09 September 2004 Angelo Coppola

The employer's right to act against employees as a result of non-work related conduct.

No one can deny that technological advances, globalisation and the changing dynamics of work and the workplace have significantly altered the traditional employment relationship.

Anastasia Vatalidis - a director at Werksmans Attorneys - says that the notion that an employee's professional and private life should at all times remain separate no longer has any relevance today where employees across different disciplines are expected to commit more of their private time attending to work related matters. 

With the assistance of technology not only are we working longer hours but the work is often performed outside of the traditional office.

It is inevitable that when work increasingly encroaches on our private lives, time and space that our personal circumstances and problems will also encroach on our work. 

In recognition of the fact that employees' personal circumstances must be acknowledged and accommodated in the workplace, employers are compelled by law to grant employees at least three working days paid leave, in additional to their annual leave, to attend to their family responsibilities. 

Furthermore when an employee becomes incapacitated due to illness or injury, his or her employer must make every reasonable effort to accommodate the employee's condition before dismissal can be contemplated. 

The employer's obligation to assist and accommodate employees also applies where an employee is suffering from  drug addiction or alcoholism.

As the line between personal and working time and space becomes blurred employers are paying closer attention to their employees' conduct outside the traditional office and  traditional working hours. 

Understandably this infringement is being resisted by employees particularly in the light of the right to privacy entrenched in the South African Constitution. 

This conflict raises the question: "Can an employer hold its employees accountable for conduct which falls outside the course and scope of their employment?"

The employer's right to discipline or even dismiss its employees for non-work related misconduct has been considered by our courts.

They (courts) have found on more than one occasion that an employer may discipline and even dismiss an employee for non-work related misconduct in circumstances where the employee has been convinced of a criminal offence provided the employer can demonstrate that the conviction for that particular offence makes the individual unsuitable for employment. 
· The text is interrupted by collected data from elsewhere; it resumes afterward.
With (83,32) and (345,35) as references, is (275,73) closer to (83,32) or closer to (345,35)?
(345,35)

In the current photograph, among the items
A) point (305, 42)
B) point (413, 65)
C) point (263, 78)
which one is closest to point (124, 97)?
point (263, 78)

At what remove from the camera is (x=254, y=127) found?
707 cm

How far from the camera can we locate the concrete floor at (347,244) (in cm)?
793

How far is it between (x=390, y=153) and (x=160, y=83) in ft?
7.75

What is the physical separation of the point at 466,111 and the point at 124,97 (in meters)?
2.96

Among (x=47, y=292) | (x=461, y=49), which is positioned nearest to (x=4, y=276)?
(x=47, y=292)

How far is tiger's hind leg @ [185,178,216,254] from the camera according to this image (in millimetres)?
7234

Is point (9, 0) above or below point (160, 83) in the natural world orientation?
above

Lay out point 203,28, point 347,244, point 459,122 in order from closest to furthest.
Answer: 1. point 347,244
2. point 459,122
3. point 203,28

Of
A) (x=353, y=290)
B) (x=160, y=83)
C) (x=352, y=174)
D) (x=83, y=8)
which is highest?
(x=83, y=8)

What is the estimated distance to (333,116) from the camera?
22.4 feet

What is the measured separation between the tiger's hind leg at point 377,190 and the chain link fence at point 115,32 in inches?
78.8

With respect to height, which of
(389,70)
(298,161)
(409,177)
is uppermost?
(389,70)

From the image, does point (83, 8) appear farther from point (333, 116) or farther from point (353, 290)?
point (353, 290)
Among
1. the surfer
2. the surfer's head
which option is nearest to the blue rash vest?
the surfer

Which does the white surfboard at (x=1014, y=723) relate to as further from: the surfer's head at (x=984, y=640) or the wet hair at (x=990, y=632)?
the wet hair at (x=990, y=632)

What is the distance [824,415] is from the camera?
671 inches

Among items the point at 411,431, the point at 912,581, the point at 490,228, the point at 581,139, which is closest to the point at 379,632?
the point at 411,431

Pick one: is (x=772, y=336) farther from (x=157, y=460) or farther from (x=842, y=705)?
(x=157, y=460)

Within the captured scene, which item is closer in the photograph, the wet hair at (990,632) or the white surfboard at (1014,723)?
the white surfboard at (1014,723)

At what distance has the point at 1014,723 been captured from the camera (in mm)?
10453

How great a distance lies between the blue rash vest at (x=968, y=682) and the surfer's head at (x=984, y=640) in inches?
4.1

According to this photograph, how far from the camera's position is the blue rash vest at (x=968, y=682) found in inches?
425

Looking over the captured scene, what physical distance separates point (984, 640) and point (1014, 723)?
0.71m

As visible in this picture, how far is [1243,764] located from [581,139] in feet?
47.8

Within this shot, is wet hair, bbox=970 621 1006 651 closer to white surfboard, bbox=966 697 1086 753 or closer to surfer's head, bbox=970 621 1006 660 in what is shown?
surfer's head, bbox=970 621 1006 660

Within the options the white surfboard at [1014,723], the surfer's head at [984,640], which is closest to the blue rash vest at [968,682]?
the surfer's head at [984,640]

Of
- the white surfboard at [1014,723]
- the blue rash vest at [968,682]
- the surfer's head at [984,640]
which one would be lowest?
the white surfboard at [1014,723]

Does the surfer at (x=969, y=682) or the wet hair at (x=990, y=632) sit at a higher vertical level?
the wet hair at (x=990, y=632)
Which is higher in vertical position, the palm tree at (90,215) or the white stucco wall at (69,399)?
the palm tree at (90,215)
Even where there has not been a criminal conviction our courts have taken the view that if an employee assaults a fellow employee or if employees engage in a fight outside of the workplace and outside of the course and scope of their employment that would entitle the employer to take action. 
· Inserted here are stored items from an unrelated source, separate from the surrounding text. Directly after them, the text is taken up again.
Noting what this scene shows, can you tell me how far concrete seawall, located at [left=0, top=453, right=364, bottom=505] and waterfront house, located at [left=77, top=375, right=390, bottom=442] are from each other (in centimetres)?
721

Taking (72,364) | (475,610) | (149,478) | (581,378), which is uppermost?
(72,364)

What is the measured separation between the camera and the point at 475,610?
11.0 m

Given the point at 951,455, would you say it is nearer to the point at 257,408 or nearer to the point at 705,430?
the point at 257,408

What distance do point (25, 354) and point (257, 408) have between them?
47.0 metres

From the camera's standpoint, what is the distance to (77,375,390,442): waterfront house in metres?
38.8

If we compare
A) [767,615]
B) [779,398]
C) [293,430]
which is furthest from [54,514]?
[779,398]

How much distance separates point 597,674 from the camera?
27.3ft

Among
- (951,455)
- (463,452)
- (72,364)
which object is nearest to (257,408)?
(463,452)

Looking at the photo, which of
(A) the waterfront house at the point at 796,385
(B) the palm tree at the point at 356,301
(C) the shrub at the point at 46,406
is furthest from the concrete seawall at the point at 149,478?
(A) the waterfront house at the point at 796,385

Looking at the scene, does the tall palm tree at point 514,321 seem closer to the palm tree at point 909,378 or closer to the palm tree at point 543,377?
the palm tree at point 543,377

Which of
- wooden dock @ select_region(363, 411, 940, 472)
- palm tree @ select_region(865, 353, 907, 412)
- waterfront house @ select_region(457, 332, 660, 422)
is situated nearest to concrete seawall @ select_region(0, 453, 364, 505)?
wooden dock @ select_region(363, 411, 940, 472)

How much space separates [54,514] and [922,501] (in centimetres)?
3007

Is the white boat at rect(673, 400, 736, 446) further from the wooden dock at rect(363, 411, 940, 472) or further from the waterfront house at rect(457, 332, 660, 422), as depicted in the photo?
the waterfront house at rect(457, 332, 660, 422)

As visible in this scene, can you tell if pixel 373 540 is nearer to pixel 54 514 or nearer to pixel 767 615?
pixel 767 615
Employees need not commit a criminal act in their private capacity for the employer to step in and take action. 

When considering that all employees have an obligation to conduct themselves in a manner which does not compromise the employer's reputation, if an employee, particularly a senior employee closely associated with the employer, conducts himself or herself in a manner which affects the employer's credibility or reputation ,that employer would be within its rights to act against the employee even if the incident occurred outside of the employee's course and scope of employment. 

In truth, whether an employee can be dismissed for non-work related misconduct would depend on whether the employer can demonstrate a link between the employee's misconduct and the employer's business. 
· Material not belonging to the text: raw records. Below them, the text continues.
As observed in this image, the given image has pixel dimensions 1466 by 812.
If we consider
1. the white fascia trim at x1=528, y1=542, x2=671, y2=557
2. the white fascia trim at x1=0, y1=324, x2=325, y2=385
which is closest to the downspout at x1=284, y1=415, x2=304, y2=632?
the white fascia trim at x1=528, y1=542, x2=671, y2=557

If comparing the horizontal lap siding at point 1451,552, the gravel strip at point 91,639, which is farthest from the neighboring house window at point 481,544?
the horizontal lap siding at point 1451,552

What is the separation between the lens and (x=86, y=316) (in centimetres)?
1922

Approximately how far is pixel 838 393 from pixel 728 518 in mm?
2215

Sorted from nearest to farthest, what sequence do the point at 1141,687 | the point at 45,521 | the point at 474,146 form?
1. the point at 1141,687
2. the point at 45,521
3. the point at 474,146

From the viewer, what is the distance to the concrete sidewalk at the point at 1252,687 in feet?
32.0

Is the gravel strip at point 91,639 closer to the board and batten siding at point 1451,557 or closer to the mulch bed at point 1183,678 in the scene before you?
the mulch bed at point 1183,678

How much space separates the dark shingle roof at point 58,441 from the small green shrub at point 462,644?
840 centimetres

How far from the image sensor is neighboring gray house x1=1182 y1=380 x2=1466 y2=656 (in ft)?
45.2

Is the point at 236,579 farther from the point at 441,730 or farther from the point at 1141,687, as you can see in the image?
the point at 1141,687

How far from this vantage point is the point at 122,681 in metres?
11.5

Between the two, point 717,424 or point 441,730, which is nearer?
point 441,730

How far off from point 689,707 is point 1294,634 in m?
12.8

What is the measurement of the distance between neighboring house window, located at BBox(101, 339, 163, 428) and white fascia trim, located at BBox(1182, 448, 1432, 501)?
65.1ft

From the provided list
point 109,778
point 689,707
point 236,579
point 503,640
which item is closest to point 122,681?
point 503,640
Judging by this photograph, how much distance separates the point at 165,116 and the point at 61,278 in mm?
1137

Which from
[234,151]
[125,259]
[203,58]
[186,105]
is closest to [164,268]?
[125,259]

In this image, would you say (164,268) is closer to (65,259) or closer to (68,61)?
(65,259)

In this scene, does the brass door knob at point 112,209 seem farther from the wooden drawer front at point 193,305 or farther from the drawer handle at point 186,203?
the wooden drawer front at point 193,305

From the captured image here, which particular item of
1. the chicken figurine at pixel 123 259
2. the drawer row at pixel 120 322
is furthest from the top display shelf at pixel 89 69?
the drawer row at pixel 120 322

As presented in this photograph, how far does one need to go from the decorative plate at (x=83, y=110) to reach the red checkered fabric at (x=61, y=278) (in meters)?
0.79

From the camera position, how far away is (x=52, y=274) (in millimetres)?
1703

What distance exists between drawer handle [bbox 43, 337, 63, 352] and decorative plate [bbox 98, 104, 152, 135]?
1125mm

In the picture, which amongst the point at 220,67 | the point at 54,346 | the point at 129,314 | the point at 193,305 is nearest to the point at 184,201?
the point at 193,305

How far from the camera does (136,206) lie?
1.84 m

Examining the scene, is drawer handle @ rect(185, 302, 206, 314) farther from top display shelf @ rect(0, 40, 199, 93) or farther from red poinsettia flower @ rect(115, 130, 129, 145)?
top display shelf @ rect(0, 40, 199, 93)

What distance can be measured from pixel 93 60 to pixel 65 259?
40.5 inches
As with all dismissals the employer must prove that the employee's conduct, although not work related, had an adverse impact of its business and destroyed the trust which is inherent in the employment relationship.

The approach adopted in relation to non-work related conduct confirms that employers and employees can no longer separate entirely their professional and personal personas and that both parties must be mindful of and take into account each other's interests and circumstances, not only at the workplace or during working hours but throughout the course of the employment relationship. 

At a time where work pressures and commitments are placing increasing demands on employees' personal time and space, knowing that employers must in turn be sympathetic to their employees' personal circumstances should give employees some comfort.